#### [TASK TO CARRY OUT]
In your copy, leave out the pictures; write out all the data exactly.

DATASET EXTRACT below:

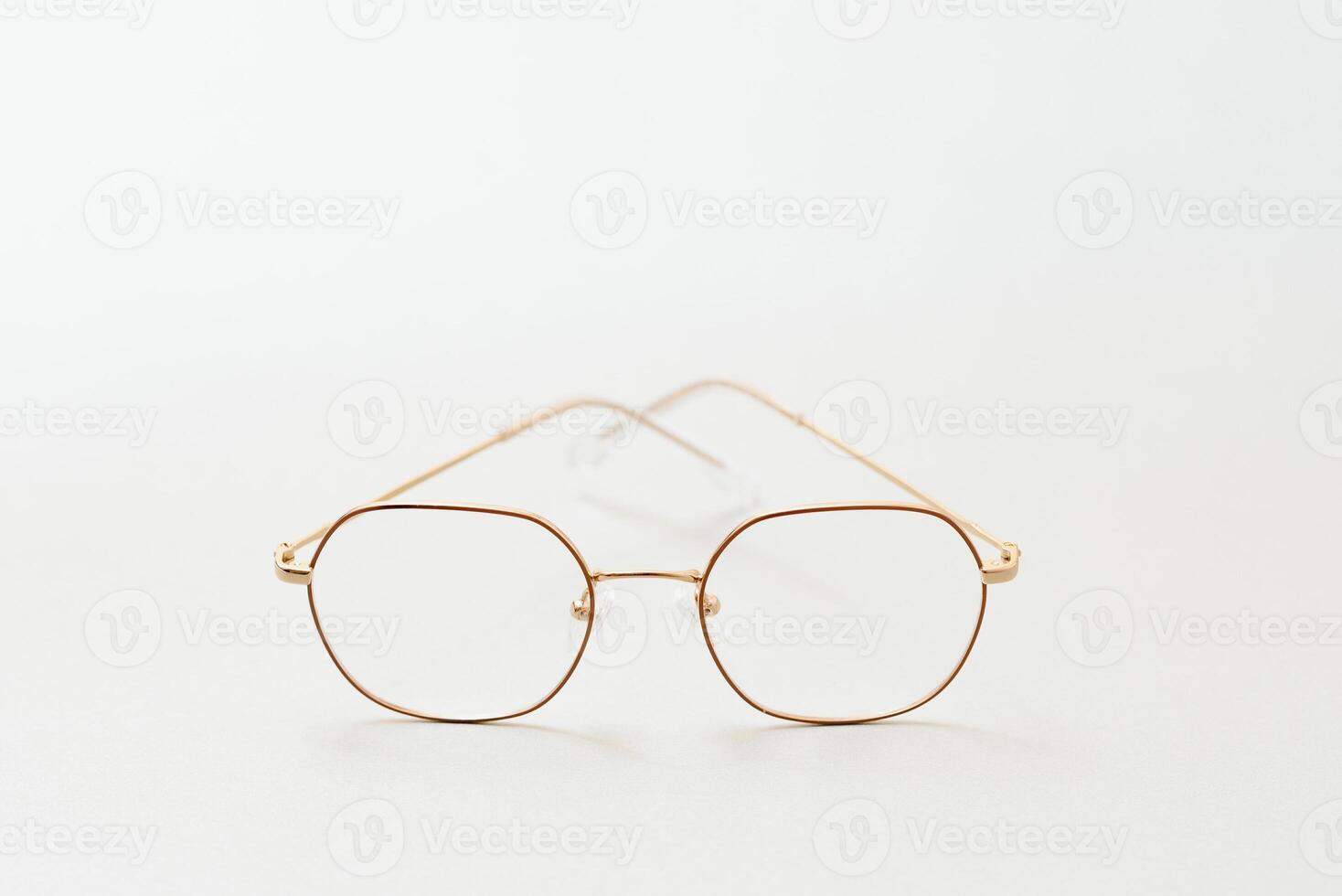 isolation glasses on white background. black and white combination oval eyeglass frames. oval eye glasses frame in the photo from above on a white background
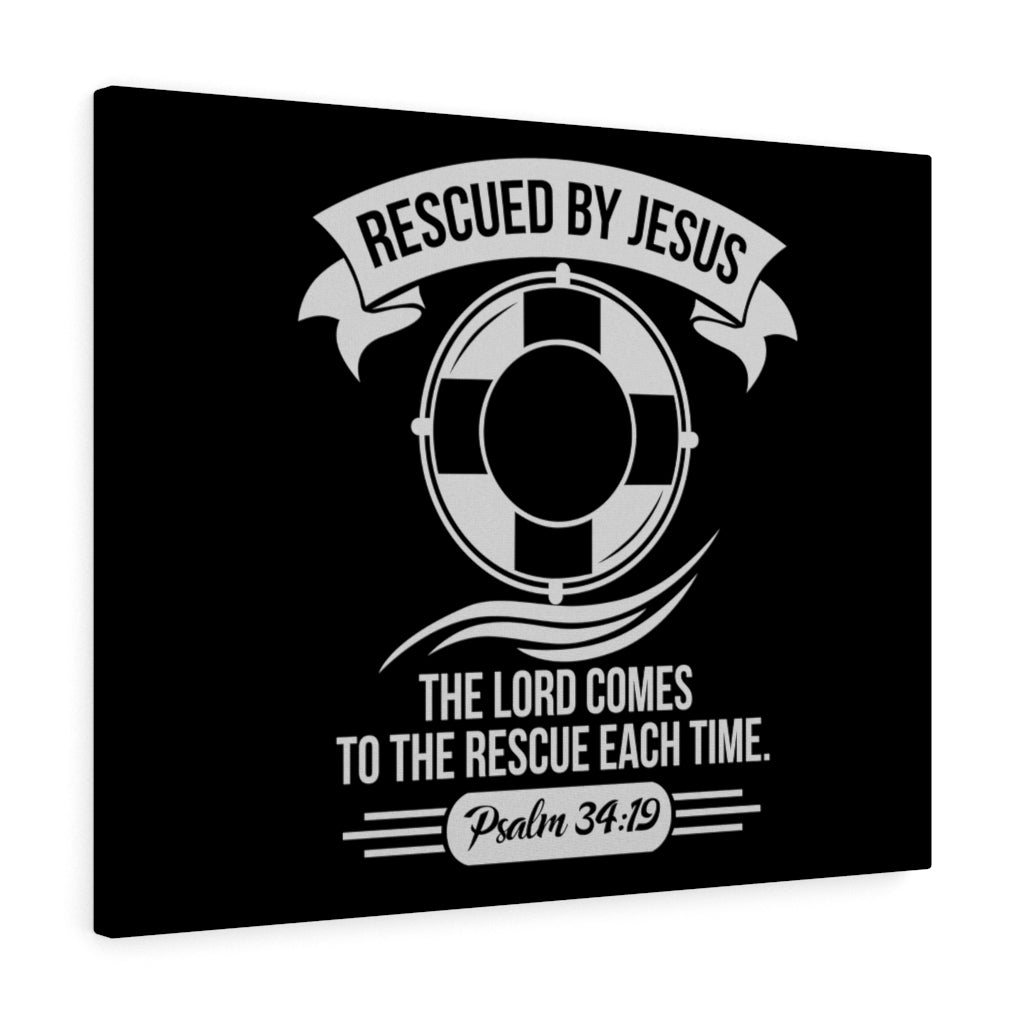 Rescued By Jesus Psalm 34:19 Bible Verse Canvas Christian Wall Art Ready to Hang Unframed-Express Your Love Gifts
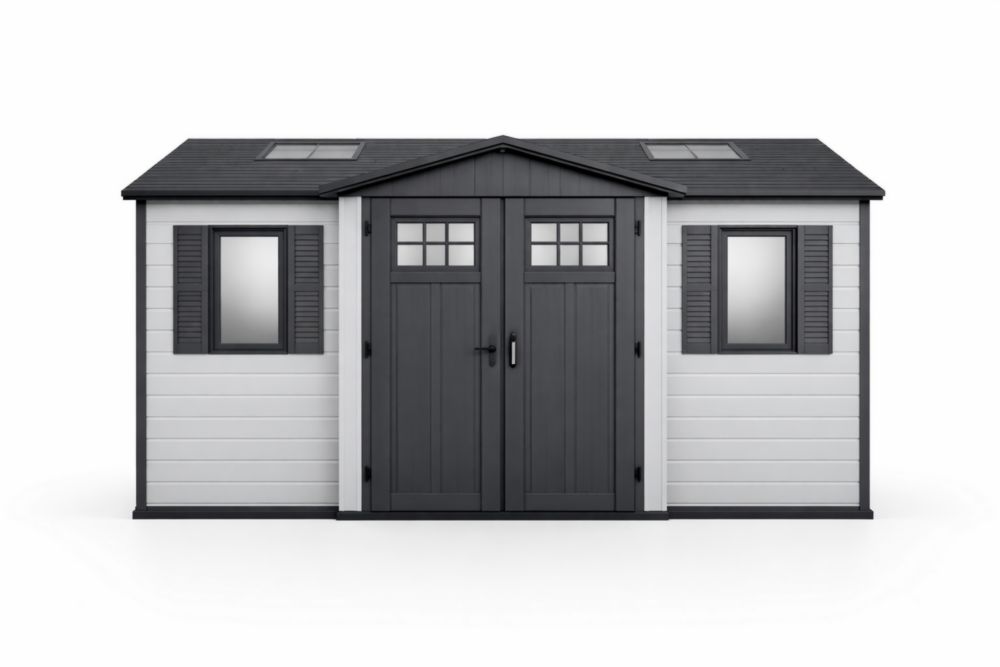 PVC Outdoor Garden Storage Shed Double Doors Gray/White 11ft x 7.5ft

End of DATASET EXTRACT.

#### [RESPONSE]
 isolation glasses on white background. black and white combination oval eyeglass frames. oval eye glasses frame in the photo from above on a white background
 Rescued By Jesus Psalm 34:19 Bible Verse Canvas Christian Wall Art Ready to Hang Unframed-Express Your Love Gifts
 PVC Outdoor Garden Storage Shed Double Doors Gray/White 11ft x 7.5ft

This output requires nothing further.